И вдруг заиграла музыка громко: это оркестр у парка стал играть военные песни. И два старичка вдруг преобразились. Капитан перестал держаться за дедушку. Они вообще перестали быть дедушками. Они вдруг выпрямились и пошли военной походкой, подтянутые, собранные, красивые, сильные. И капитан сорвал с головы нелепую панамку. Они шли рядом, два сильных мужчины, два воина-победителя. Это было преображение. И музыка играла, и яблони цвели. А два дряхлых старика стали теми, кем они были. Они стали равны себе.
Сейчас их уже нет здесь. Но там – где вечно цветут яблони и звучит музыка, – они стали снова равны себе. Стали воинами-победителями. Сильными и мужественными. Я видела, как это происходит. В тот день видела.
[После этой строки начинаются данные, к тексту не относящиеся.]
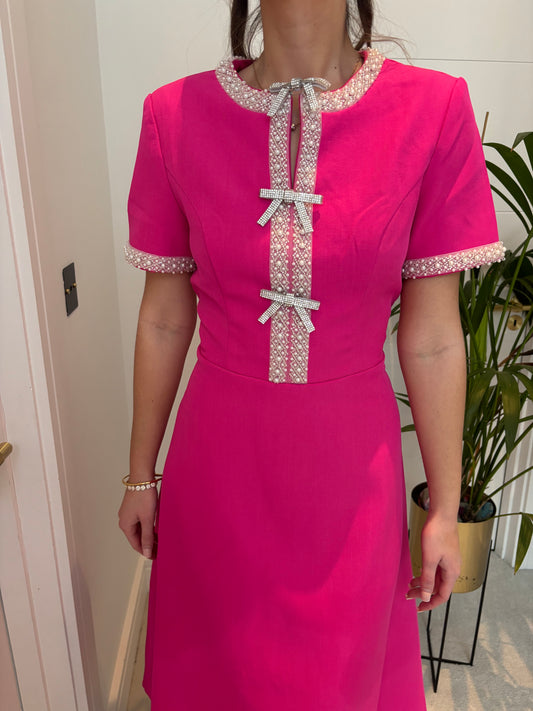 RAYA BRIGHT PINK PEARL AND DIAMONTE DETAIL DRESS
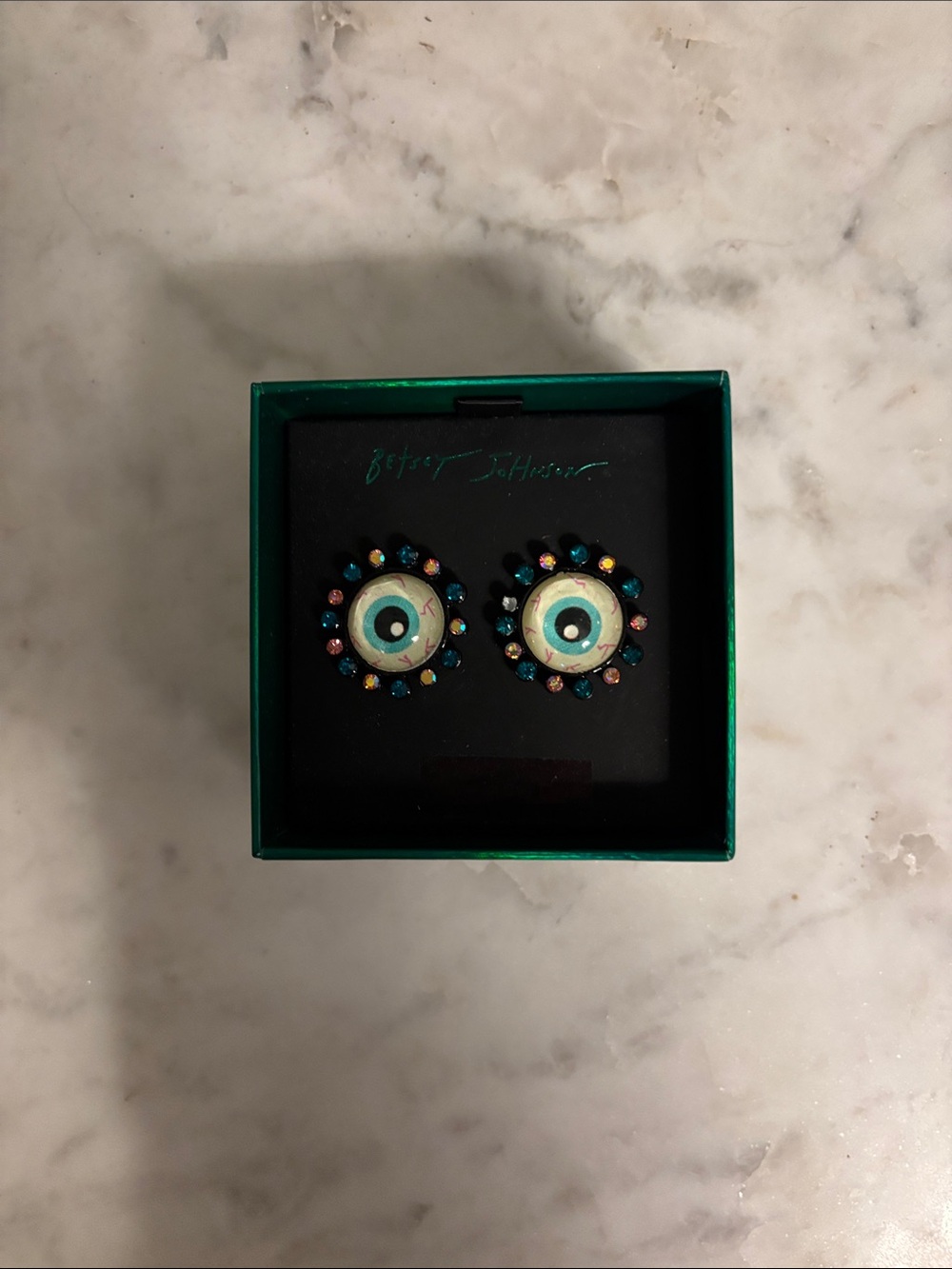 Betsey Johnson Jeweled Eyeball Glow In The Dark Earrings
А потом дедушка увидел нас – он уже плоховато видел. И он был так рад, что чуть не заплакал. Но он сдержал эти слезы и обнял нас всех, просто обнял. Как всегда обнимал, защищая.
Они сами пошли на встречу ветеранов, печатая шаг. Ни за что не хотели, чтобы мы их проводили, ни за что. На свой парад все идут самостоятельно. Так положено. И становятся теми, кто они есть. Тело меняется и исчезает. А душа остается. Я видела тогда, что это значит – торжество Духа над материей. И бессмертие души.
Это был День Победы.
Не надо критиковать то, что вас питает и поддерживает
То, что приносит пользу. Иначе это полезное и поддерживающее превратится в яд и отраву. Иногда люди не замечают, что читают злые заклинания и превращают золото в угольки и грязь. А потом горько сетуют: почему мне плохо? Куда подевалось хорошее?
Это один мужчина жаловался на проблемы с пищеварением. Но я случайно увидела его за обедом – на конференции вместе сидели за столом. Еда была вкусная. Мужчина ел за троих, с аппетитом. Много съел, – и на здоровье! Только в течение всего обеда он приговаривал: дескать, суп не такой уж наваристый. И много положили! Фрикадельки жестковаты. Котлета суховата. А от пюре толстеют. Зачем столько масла положили? Компот слишком сладкий, это очень вредно, поджелудочная может отреагировать. Хлеб тоже вредный. Очень жаль, что пришлось съесть столько этого белого, пышного хлеба с румяной корочкой. Как теперь желудку это переварить? Зачем так много еды дают? – вот так он читал заклинания и ел. А потом жаловался на несварение.
Не нравится – не ешь. Если невкусно. Нравится – ешь с аппетитом, не забудь поблагодарить. Если слишком много – никто насильно не заставляет все съесть. Можно себя разумно ограничить, не ворча и не сообщая всем вокруг об этом.
Иначе съеденное не принесет пользы. Оно станет вредным и ядовитым – этот человек практически проклинал благо, насущный хлеб. А потом этот проклятый хлеб сам и ел.